AIM OF THE TASK ->
Could you give the entries again, exactly as written?

==== LISTED RECORDS

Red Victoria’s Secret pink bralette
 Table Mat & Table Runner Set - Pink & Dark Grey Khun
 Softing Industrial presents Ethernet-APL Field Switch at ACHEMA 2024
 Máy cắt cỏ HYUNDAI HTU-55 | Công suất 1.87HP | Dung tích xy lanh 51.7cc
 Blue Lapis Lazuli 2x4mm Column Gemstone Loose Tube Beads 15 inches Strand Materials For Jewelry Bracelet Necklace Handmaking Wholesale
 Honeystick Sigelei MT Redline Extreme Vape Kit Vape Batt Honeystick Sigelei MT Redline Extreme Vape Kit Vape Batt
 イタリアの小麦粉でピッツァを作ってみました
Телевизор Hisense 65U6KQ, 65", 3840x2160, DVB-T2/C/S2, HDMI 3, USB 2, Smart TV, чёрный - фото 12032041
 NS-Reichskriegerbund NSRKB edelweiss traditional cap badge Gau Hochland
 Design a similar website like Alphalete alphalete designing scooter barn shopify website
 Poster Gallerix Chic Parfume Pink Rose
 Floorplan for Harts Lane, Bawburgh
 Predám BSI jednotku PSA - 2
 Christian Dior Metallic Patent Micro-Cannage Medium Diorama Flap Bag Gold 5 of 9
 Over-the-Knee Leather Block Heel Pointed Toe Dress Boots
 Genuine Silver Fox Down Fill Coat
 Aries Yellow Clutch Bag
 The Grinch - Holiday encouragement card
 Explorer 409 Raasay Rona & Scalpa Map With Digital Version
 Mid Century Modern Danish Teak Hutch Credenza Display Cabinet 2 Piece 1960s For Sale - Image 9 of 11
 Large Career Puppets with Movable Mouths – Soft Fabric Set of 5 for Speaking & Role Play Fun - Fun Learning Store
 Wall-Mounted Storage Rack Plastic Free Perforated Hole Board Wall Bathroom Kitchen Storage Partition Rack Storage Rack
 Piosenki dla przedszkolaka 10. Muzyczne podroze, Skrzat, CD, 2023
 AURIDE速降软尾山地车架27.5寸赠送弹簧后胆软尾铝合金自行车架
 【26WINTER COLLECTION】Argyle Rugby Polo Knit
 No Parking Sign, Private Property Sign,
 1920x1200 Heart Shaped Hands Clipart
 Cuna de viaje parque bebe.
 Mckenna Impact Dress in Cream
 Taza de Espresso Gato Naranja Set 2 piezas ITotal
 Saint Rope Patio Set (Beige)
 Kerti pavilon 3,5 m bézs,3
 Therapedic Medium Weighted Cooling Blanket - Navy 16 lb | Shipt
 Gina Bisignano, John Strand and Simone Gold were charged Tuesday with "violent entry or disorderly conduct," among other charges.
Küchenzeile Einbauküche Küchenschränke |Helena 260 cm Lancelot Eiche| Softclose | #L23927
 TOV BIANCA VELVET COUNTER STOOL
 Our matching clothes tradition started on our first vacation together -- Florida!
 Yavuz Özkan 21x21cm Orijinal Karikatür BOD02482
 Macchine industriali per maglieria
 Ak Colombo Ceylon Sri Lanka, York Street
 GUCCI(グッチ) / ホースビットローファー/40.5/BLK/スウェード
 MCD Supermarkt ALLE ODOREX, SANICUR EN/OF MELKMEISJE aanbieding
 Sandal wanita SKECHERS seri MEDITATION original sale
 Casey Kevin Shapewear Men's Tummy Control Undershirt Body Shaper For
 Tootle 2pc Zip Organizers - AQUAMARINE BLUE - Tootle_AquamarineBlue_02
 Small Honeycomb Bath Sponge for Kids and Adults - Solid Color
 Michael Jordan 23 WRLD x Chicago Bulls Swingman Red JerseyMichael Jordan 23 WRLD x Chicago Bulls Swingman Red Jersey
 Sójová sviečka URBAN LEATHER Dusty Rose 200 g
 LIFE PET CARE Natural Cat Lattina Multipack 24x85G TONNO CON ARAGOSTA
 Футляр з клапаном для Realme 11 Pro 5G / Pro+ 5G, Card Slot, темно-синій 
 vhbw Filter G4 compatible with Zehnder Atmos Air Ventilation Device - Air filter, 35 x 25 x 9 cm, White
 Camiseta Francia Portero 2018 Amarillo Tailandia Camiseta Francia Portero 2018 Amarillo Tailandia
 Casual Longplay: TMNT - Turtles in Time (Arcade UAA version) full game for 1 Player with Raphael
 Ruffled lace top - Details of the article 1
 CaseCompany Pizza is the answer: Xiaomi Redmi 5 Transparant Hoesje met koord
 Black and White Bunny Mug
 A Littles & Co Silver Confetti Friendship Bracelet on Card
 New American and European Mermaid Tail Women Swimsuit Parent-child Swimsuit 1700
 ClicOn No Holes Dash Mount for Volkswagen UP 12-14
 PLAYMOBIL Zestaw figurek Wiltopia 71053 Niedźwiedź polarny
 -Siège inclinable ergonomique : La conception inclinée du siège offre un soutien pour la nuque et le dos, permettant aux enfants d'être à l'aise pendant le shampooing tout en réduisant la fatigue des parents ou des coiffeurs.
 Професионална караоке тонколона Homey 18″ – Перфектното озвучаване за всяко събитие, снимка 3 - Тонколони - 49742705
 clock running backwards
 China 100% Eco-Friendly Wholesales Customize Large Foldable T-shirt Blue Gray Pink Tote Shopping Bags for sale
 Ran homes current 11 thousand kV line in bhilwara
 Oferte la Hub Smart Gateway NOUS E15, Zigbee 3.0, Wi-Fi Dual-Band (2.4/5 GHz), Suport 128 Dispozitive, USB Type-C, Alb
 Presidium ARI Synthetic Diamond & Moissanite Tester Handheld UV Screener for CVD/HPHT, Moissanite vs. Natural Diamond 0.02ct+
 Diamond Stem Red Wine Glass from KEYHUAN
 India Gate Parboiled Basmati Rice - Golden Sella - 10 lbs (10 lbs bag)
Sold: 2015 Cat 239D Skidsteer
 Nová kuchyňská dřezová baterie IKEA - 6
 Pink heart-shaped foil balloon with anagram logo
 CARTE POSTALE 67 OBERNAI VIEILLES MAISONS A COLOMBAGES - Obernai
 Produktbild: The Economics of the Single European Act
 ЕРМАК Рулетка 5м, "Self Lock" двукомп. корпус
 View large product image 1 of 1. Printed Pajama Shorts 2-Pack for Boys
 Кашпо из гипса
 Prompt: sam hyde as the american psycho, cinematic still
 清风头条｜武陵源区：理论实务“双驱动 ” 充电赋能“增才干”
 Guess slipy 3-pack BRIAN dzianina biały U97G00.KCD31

========

ANSWER BELOW ->
Red Victoria’s Secret pink bralette
 Table Mat & Table Runner Set - Pink & Dark Grey Khun
 Softing Industrial presents Ethernet-APL Field Switch at ACHEMA 2024
 Máy cắt cỏ HYUNDAI HTU-55 | Công suất 1.87HP | Dung tích xy lanh 51.7cc
 Blue Lapis Lazuli 2x4mm Column Gemstone Loose Tube Beads 15 inches Strand Materials For Jewelry Bracelet Necklace Handmaking Wholesale
 Honeystick Sigelei MT Redline Extreme Vape Kit Vape Batt Honeystick Sigelei MT Redline Extreme Vape Kit Vape Batt
 イタリアの小麦粉でピッツァを作ってみました
Телевизор Hisense 65U6KQ, 65", 3840x2160, DVB-T2/C/S2, HDMI 3, USB 2, Smart TV, чёрный - фото 12032041
 NS-Reichskriegerbund NSRKB edelweiss traditional cap badge Gau Hochland
 Design a similar website like Alphalete alphalete designing scooter barn shopify website
 Poster Gallerix Chic Parfume Pink Rose
 Floorplan for Harts Lane, Bawburgh
 Predám BSI jednotku PSA - 2
 Christian Dior Metallic Patent Micro-Cannage Medium Diorama Flap Bag Gold 5 of 9
 Over-the-Knee Leather Block Heel Pointed Toe Dress Boots
 Genuine Silver Fox Down Fill Coat
 Aries Yellow Clutch Bag
 The Grinch - Holiday encouragement card
 Explorer 409 Raasay Rona & Scalpa Map With Digital Version
 Mid Century Modern Danish Teak Hutch Credenza Display Cabinet 2 Piece 1960s For Sale - Image 9 of 11
 Large Career Puppets with Movable Mouths – Soft Fabric Set of 5 for Speaking & Role Play Fun - Fun Learning Store
 Wall-Mounted Storage Rack Plastic Free Perforated Hole Board Wall Bathroom Kitchen Storage Partition Rack Storage Rack
 Piosenki dla przedszkolaka 10. Muzyczne podroze, Skrzat, CD, 2023
 AURIDE速降软尾山地车架27.5寸赠送弹簧后胆软尾铝合金自行车架
 【26WINTER COLLECTION】Argyle Rugby Polo Knit
 No Parking Sign, Private Property Sign,
 1920x1200 Heart Shaped Hands Clipart
 Cuna de viaje parque bebe.
 Mckenna Impact Dress in Cream
 Taza de Espresso Gato Naranja Set 2 piezas ITotal
 Saint Rope Patio Set (Beige)
 Kerti pavilon 3,5 m bézs,3
 Therapedic Medium Weighted Cooling Blanket - Navy 16 lb | Shipt
 Gina Bisignano, John Strand and Simone Gold were charged Tuesday with "violent entry or disorderly conduct," among other charges.
Küchenzeile Einbauküche Küchenschränke |Helena 260 cm Lancelot Eiche| Softclose | #L23927
 TOV BIANCA VELVET COUNTER STOOL
 Our matching clothes tradition started on our first vacation together -- Florida!
 Yavuz Özkan 21x21cm Orijinal Karikatür BOD02482
 Macchine industriali per maglieria
 Ak Colombo Ceylon Sri Lanka, York Street
 GUCCI(グッチ) / ホースビットローファー/40.5/BLK/スウェード
 MCD Supermarkt ALLE ODOREX, SANICUR EN/OF MELKMEISJE aanbieding
 Sandal wanita SKECHERS seri MEDITATION original sale
 Casey Kevin Shapewear Men's Tummy Control Undershirt Body Shaper For
 Tootle 2pc Zip Organizers - AQUAMARINE BLUE - Tootle_AquamarineBlue_02
 Small Honeycomb Bath Sponge for Kids and Adults - Solid Color
 Michael Jordan 23 WRLD x Chicago Bulls Swingman Red JerseyMichael Jordan 23 WRLD x Chicago Bulls Swingman Red Jersey
 Sójová sviečka URBAN LEATHER Dusty Rose 200 g
 LIFE PET CARE Natural Cat Lattina Multipack 24x85G TONNO CON ARAGOSTA
 Футляр з клапаном для Realme 11 Pro 5G / Pro+ 5G, Card Slot, темно-синій 
 vhbw Filter G4 compatible with Zehnder Atmos Air Ventilation Device - Air filter, 35 x 25 x 9 cm, White
 Camiseta Francia Portero 2018 Amarillo Tailandia Camiseta Francia Portero 2018 Amarillo Tailandia
 Casual Longplay: TMNT - Turtles in Time (Arcade UAA version) full game for 1 Player with Raphael
 Ruffled lace top - Details of the article 1
 CaseCompany Pizza is the answer: Xiaomi Redmi 5 Transparant Hoesje met koord
 Black and White Bunny Mug
 A Littles & Co Silver Confetti Friendship Bracelet on Card
 New American and European Mermaid Tail Women Swimsuit Parent-child Swimsuit 1700
 ClicOn No Holes Dash Mount for Volkswagen UP 12-14
 PLAYMOBIL Zestaw figurek Wiltopia 71053 Niedźwiedź polarny
 -Siège inclinable ergonomique : La conception inclinée du siège offre un soutien pour la nuque et le dos, permettant aux enfants d'être à l'aise pendant le shampooing tout en réduisant la fatigue des parents ou des coiffeurs.
 Професионална караоке тонколона Homey 18″ – Перфектното озвучаване за всяко събитие, снимка 3 - Тонколони - 49742705
 clock running backwards
 China 100% Eco-Friendly Wholesales Customize Large Foldable T-shirt Blue Gray Pink Tote Shopping Bags for sale
 Ran homes current 11 thousand kV line in bhilwara
 Oferte la Hub Smart Gateway NOUS E15, Zigbee 3.0, Wi-Fi Dual-Band (2.4/5 GHz), Suport 128 Dispozitive, USB Type-C, Alb
 Presidium ARI Synthetic Diamond & Moissanite Tester Handheld UV Screener for CVD/HPHT, Moissanite vs. Natural Diamond 0.02ct+
 Diamond Stem Red Wine Glass from KEYHUAN
 India Gate Parboiled Basmati Rice - Golden Sella - 10 lbs (10 lbs bag)
Sold: 2015 Cat 239D Skidsteer
 Nová kuchyňská dřezová baterie IKEA - 6
 Pink heart-shaped foil balloon with anagram logo
 CARTE POSTALE 67 OBERNAI VIEILLES MAISONS A COLOMBAGES - Obernai
 Produktbild: The Economics of the Single European Act
 ЕРМАК Рулетка 5м, "Self Lock" двукомп. корпус
 View large product image 1 of 1. Printed Pajama Shorts 2-Pack for Boys
 Кашпо из гипса
 Prompt: sam hyde as the american psycho, cinematic still
 清风头条｜武陵源区：理论实务“双驱动 ” 充电赋能“增才干”
 Guess slipy 3-pack BRIAN dzianina biały U97G00.KCD31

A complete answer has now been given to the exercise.